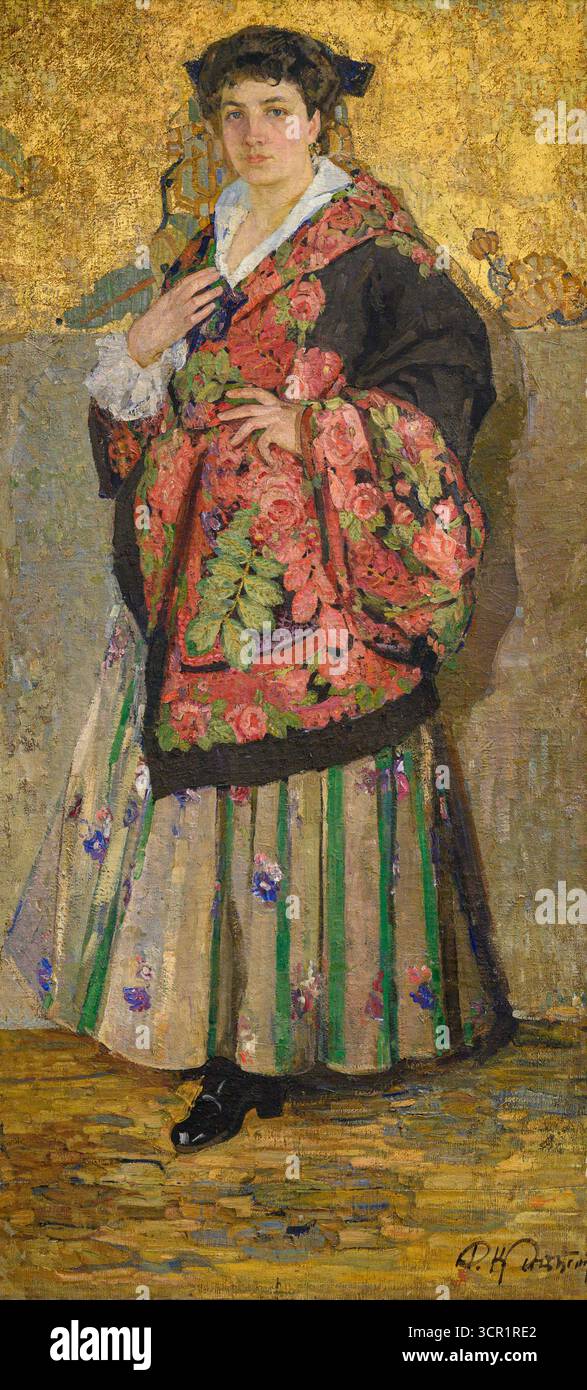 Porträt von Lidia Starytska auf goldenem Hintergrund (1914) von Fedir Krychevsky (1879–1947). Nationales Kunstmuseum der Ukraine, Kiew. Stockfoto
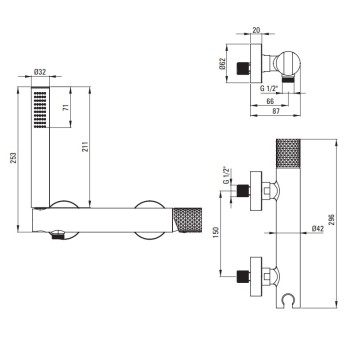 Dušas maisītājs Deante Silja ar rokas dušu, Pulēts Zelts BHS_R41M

* * *

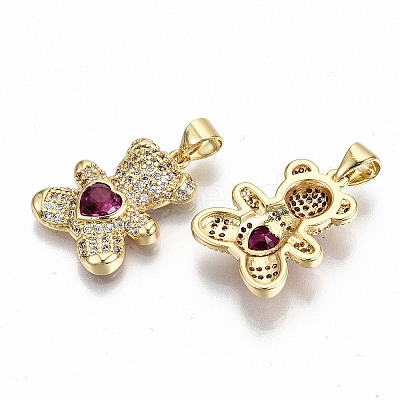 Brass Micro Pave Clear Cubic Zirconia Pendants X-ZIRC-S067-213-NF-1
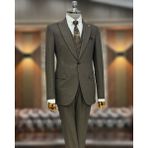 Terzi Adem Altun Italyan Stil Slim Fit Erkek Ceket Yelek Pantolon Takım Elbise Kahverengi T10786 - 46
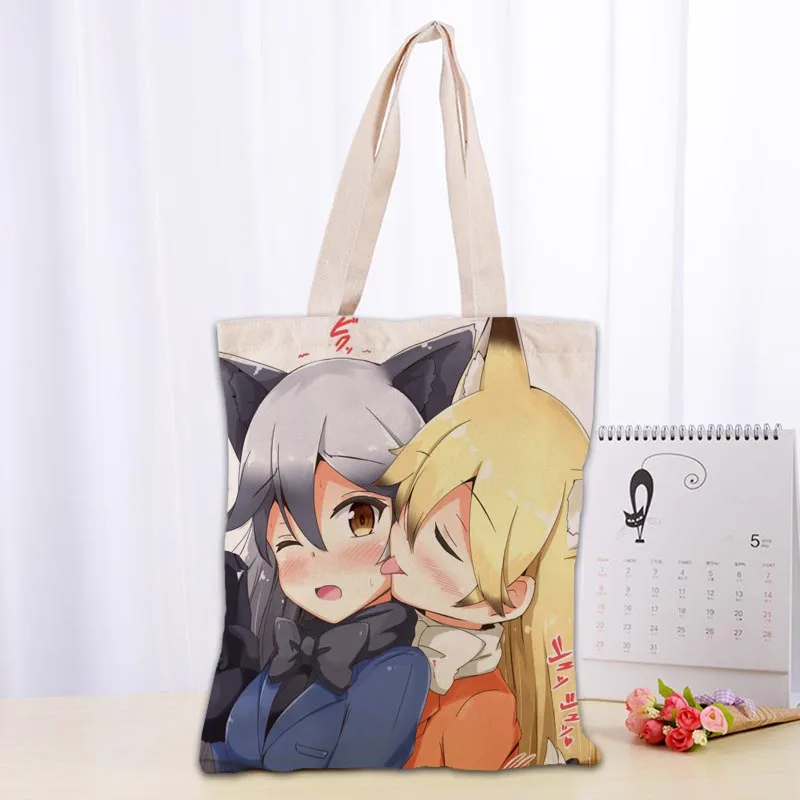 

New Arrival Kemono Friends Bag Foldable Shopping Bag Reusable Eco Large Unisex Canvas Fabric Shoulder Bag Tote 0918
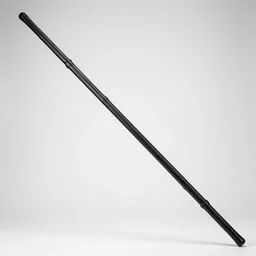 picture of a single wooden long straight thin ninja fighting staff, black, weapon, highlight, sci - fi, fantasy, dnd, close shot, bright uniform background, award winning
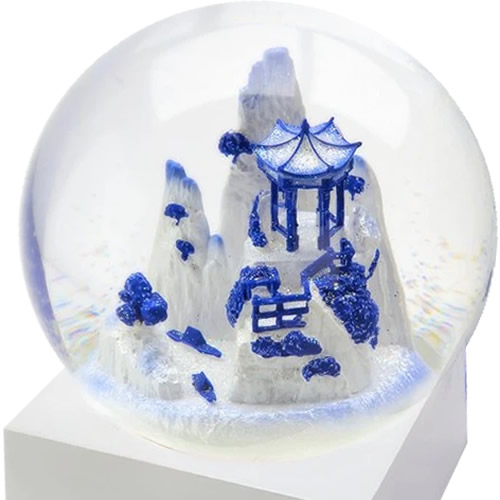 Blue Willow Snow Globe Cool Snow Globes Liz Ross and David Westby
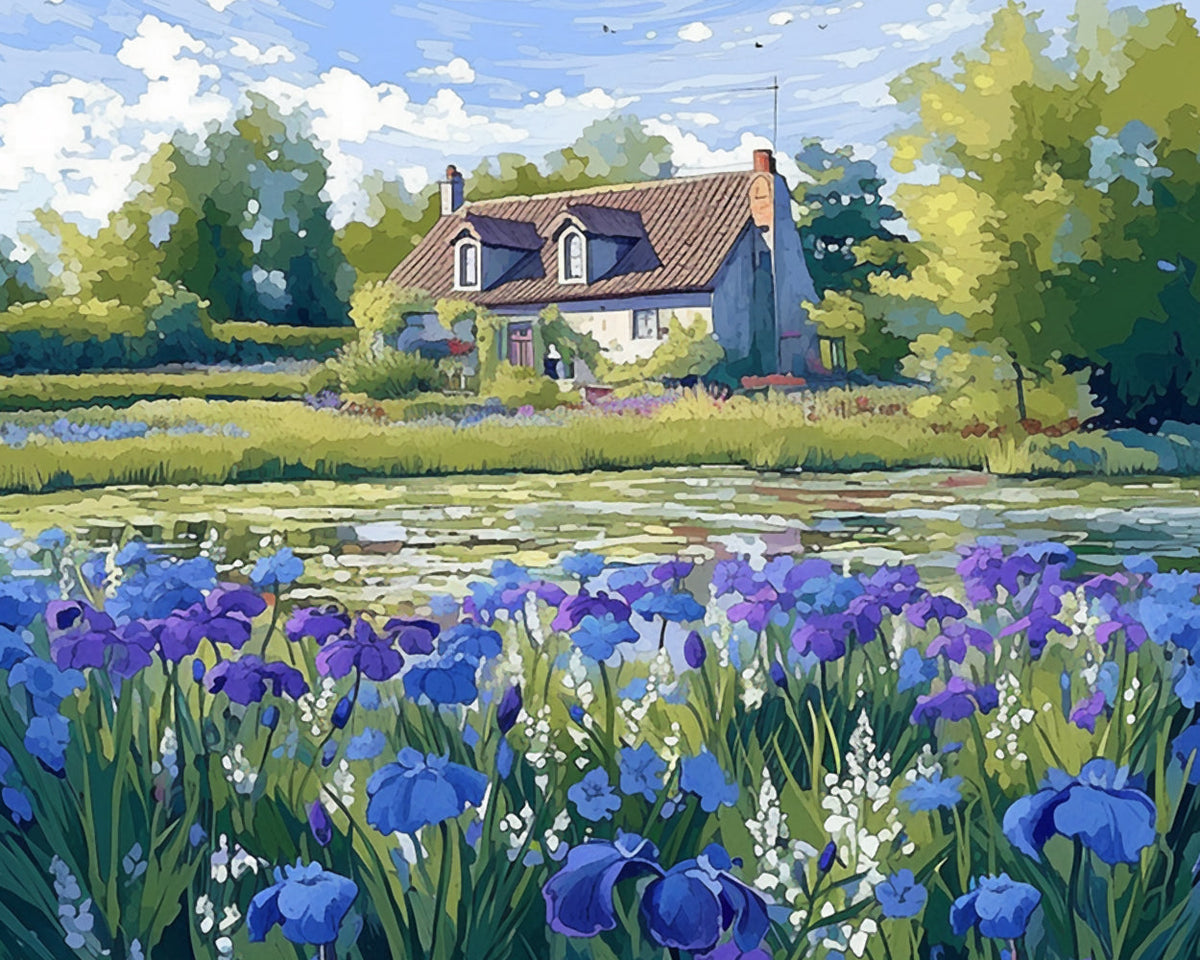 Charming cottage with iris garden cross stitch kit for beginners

What the task requires >> In the data above, start at the line holding "Terzi Adem Altun" and stop after the line holding "picture of a"; write out those lines exactly, without pictures.

Response area >>
 Terzi Adem Altun Italyan Stil Slim Fit Erkek Ceket Yelek Pantolon Takım Elbise Kahverengi T10786 - 46

New Arrival Kemono Friends Bag Foldable Shopping Bag Reusable Eco Large Unisex Canvas Fabric Shoulder Bag Tote 0918
 picture of a single wooden long straight thin ninja fighting staff, black, weapon, highlight, sci - fi, fantasy, dnd, close shot, bright uniform background, award winning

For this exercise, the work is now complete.